The rise of the Taliban seemed pretty implausible. The movement was started by Muhammad Omar, a man of little-to-no standing who had fought with the Mujahideen against the Soviets. When he gave up the insurgency he turned towards Islam, establishing a madrassa (an Islamic school) with himself as the teacher. Shy, uninspiring, parochial, of powerful convictions but limited intelligence and education, Omar was an unlikely leader. Neverthless, he succeeded where others had failed, tapping into public outrage against the warlords who ruled Afghanistan: openly corrupt, ruling purely in self-interest, they did not even feign observation to the public good, nor to Islam.
Omar’s movement gained ground by kicking the warlords out of town and administering a strict, Deobandi-inspired form of Islamic justice. With logistics routes under their control, the Taliban were able to cash-in on the profits made by trucking cartels and opium smugglers. They established a loose network of madrassas in Pakistan and Afghanistan, from which devoted students were called up to fight the jihad.
In a way, the Taliban were modernisers. The old warlords legitimated their rule through tribal connections, personal charisma and cunning, and the evocation of Pashtunwali, the traditional Pashtun way of doing things. The Taliban were different. Although their popular support was also largely a Pashtun phenomenon, the movement put Islam first.
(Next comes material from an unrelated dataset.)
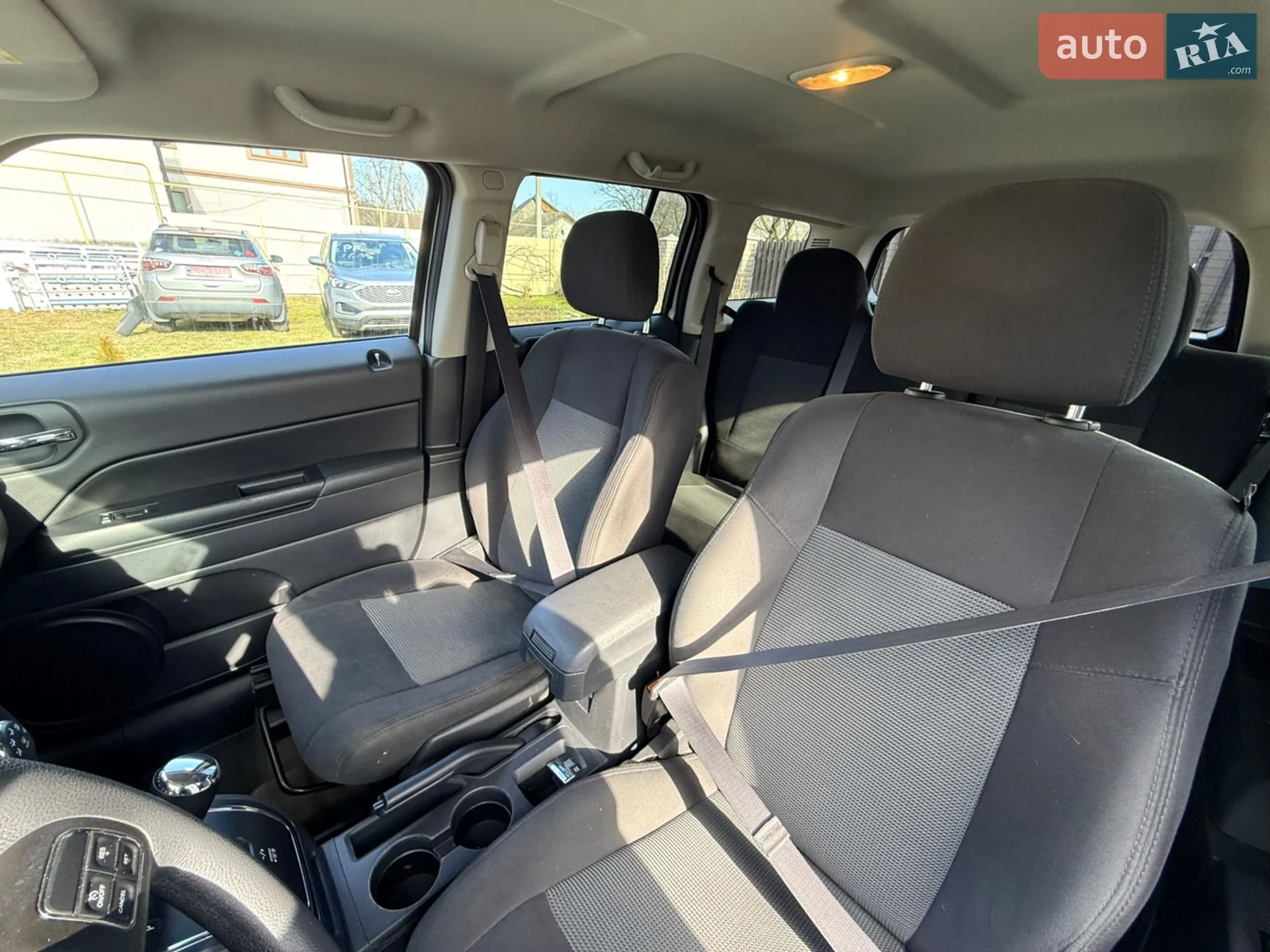 2016 Jeep Liberty (Patriot) - мініатюра 15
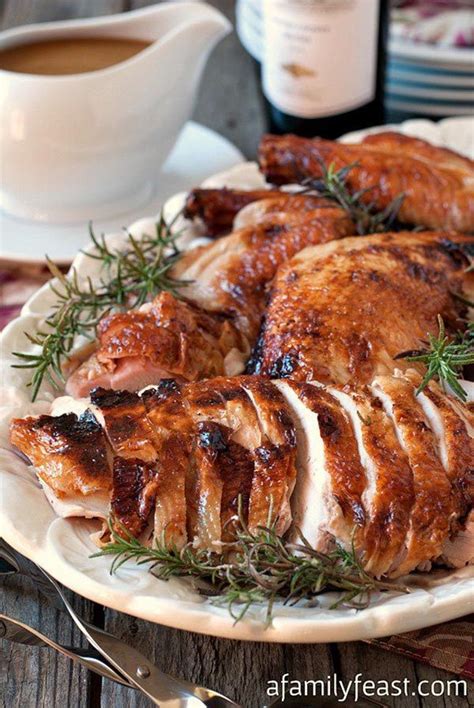 Turkey Platter Garnish Ideas! - B. Lovely Events | Perfect roast turkey, Turkey recipes, Roasted ...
Its soldiers and commanders were historically ignorant; they knew little to nothing of their country’s past, its history and its heritage; most had never known anything other than war.
While the Taliban checked the inter-tribal Pashtun squabbles, they failed to make inroads with the rest of the country, especially with the Hazaras of the north. They also refused to actually govern, proclaiming themselves a purely religious movement. Their ideal of governance was to simply purge the ruling class of those who were (in their eyes) disobedient of Islam. God would take care of the rest.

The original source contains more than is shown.